Collaborative Care For Pediatric Behavior Disorders is Cost Effective and Improves Clinical Outcomes


Collaborative care models have been shown to yield among the highest improvement rates for child behavioral problems.

Collaborative Care, pediatric Behavior Disorders, behavioral problems, ADHD

A random control study determined that doctor-office collaborative care (DOCC) focused on pediatric behavior healthcare services in primary pediatric care settings, not only improves clinical effectiveness of treatment for pediatric patients, but is cost effective during both the initial intervention and post-intervention follow-up periods when compared to patients receiving enhanced usual care (EUC).

The random control trial, led by RAND corporation senior policy researcher Hao Yu, PhD, was supported by grants from the US Department of Health and Human Services, National Institutes of Health, and National Institute of Mental Health, collected financial records and cost information about 321 pediatric patients, and insurance cost information on 57 of those 321 patients in pre-and post-intervention periods.

Patients were enrolled in a 6-month intervention for pediatric behavior problems and attention-deficit/hyperactivity disorder (ADHD).

Participants between the ages of 5—12 with diagnosed behavioral problems, ADHD, and/or anxiety concerns were recruited from 8 pediatric practices in Pennsylvania. Pediatric practices were randomly assigned to 2 groups, with 160 patients assigned to care in DOCC settings and 161 assigned to EUC settings. Care managers were assigned to provide services for both groups, conducting screenings, assessments and psychoeducation before providing suggestions for interventions.

The group assigned to DOCC setting "incorporated a trained care manager who collaborated with pediatricians and families to enhance interdisciplinary communication and access to personalized, evidence-based psychosocial and psychopharmacologic interventions." Those patients assigned to the EUC setting were "referred to specialty mental health providers in local communities."

Cost-analysis completed post-intervention, which included financial records, as well as costs incurred by the study to prepare for and then implement the 2 treatment regimes, discovered that although the DOCC group incurred higher training costs (95% confidence intervals for all numbers) at an average of $4,885.74 DOCC versus $1,651.86 EUC, and higher overall costs during the intervention period nearly double that of the EUC ($81,704 DOCC versus $41,643 EUC) the average cost per patient was lower with DOCC ($520) in comparison to EUC ($595).

Study data also determined that although the 2 groups initially had similar community mental health service costs, the DOCC group had significantly lower costs during and post-intervention with EUC community mental health services costing more during the intervention ($599.01 versus $87.51, p< .05), 6-months post-intervention ($985.31 versus $279.55, p < .05), and 12-months post intervention ($1324.71 versus 453.14, p < .05).

The study's findings "reveal the [DOCC] model's strong potential of cost savings in term of both per patient costs for treatment during the intervention period" and community mental health care costs incurred during 6- and 12- month follow up periods.

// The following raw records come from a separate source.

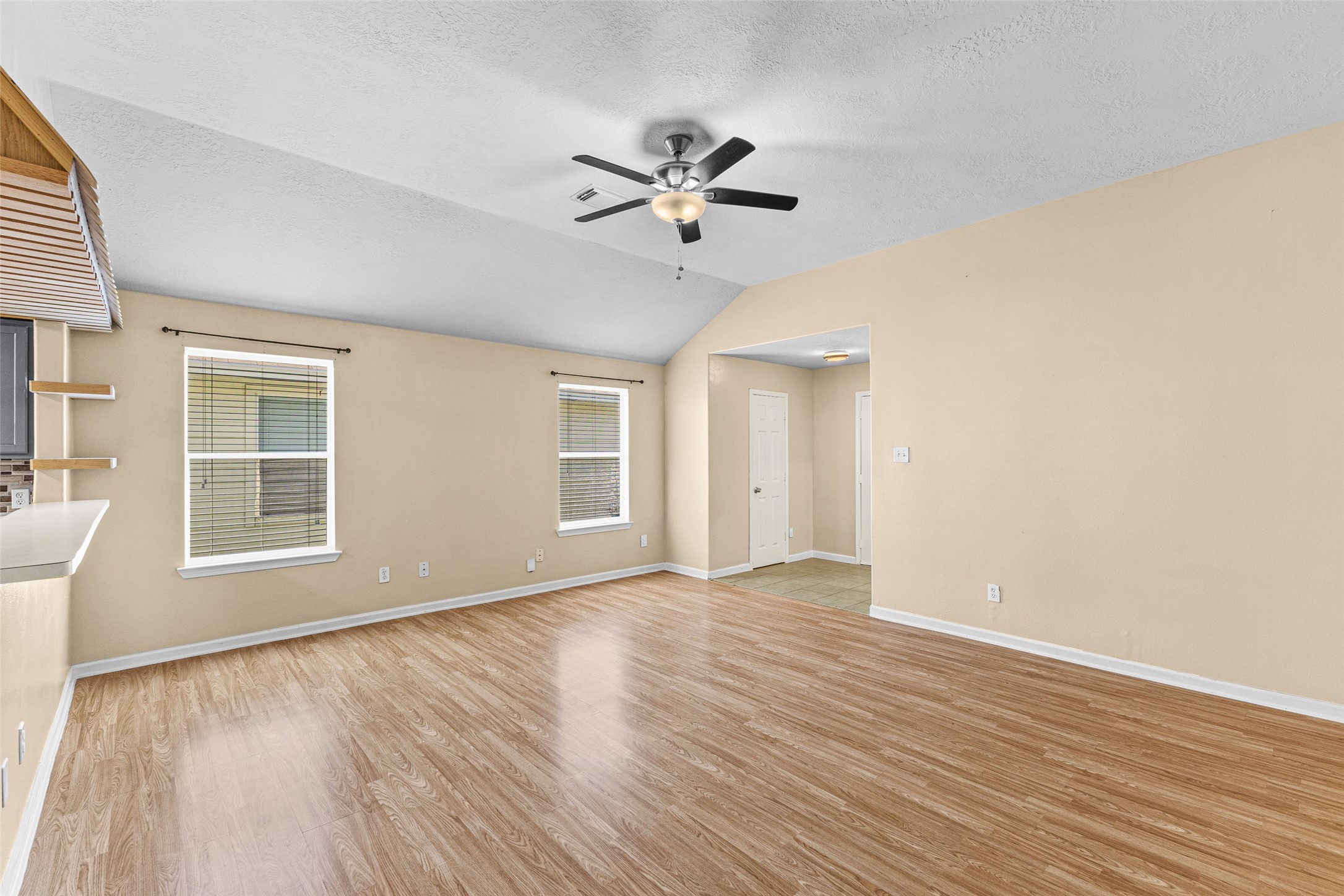 8538 Doskocil Drive Property Photo 9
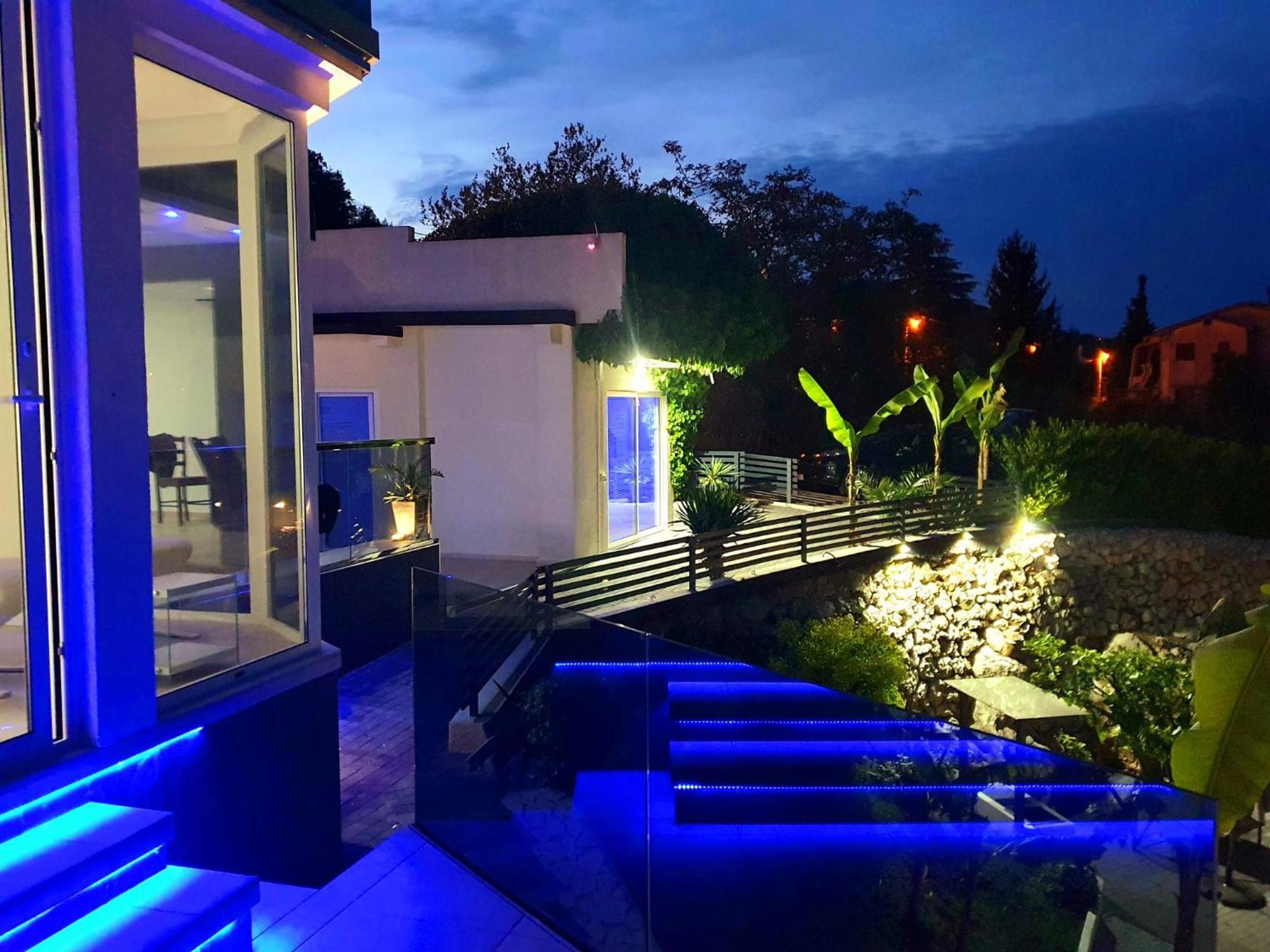 Penthouse Jacuzzi & Pool Apartmants Opatija Eksteriør bilde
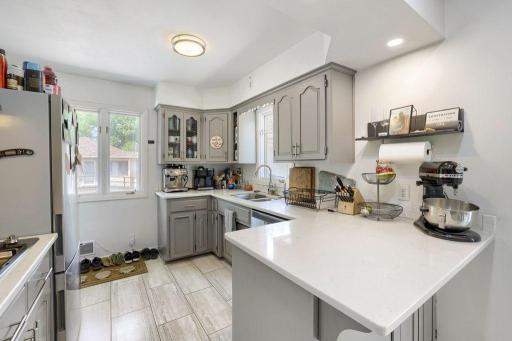 2550 Aldine Street, Saint Paul, MN 55113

The study also demonstrated significant clinical benefits to the adoption of DOCC models according to data collected from healthcare records, in the form of "significantly greater reductions in the severity of behavior problems, hyperactivity and internalizing problems, greater remission of behavior and internalizing problems, a higher proportion of overall treatment responders, fewer parents rating their children as difficult, fewer parent-child dysfunctional interactions, and less parental distress related to child behavior."

DOCC, Yu suggests, can contribute to providing pediatric mental/behavioral healthcare access to children with limited resources for care, and the growing "growing empirical evidence supports the efficacy of these integrated care models." Yu writes that collaborative care models have been shown to yield among the highest improvement rates for child behavioral problems. The data from this study adds further support to the greater clinical effectiveness in DOCC in comparison to EUC models.

Analysis of the "economic viability of integrated care models, such as the DOCC, is important as the implementation of the Affordable Care Act is expanding insurance coverage for mental health care and incentivizing integrated care for people with mental illness."

Yu and colleagues suggest that studies which can provide data on the economic impact of DOCC and other forms of mental health and primary care integration, will be influential to the establishment of more integrated care models to address the unique needs of children with mental, behavioral, or substance-use disorders.

The potential benefits of the DOCC model should be considered by both clinicians and policy makers, as "attention to these developments may provide practical knowledge to support system change innovations that can enhance both health care and health outcomes."

"Collaborative Mental Health Care for Pediatric Behavior Disorders in Primary Care: Does It Reduce Mental Health Care Costs?" was published in the March 2017 issue of Families, Systems & Health.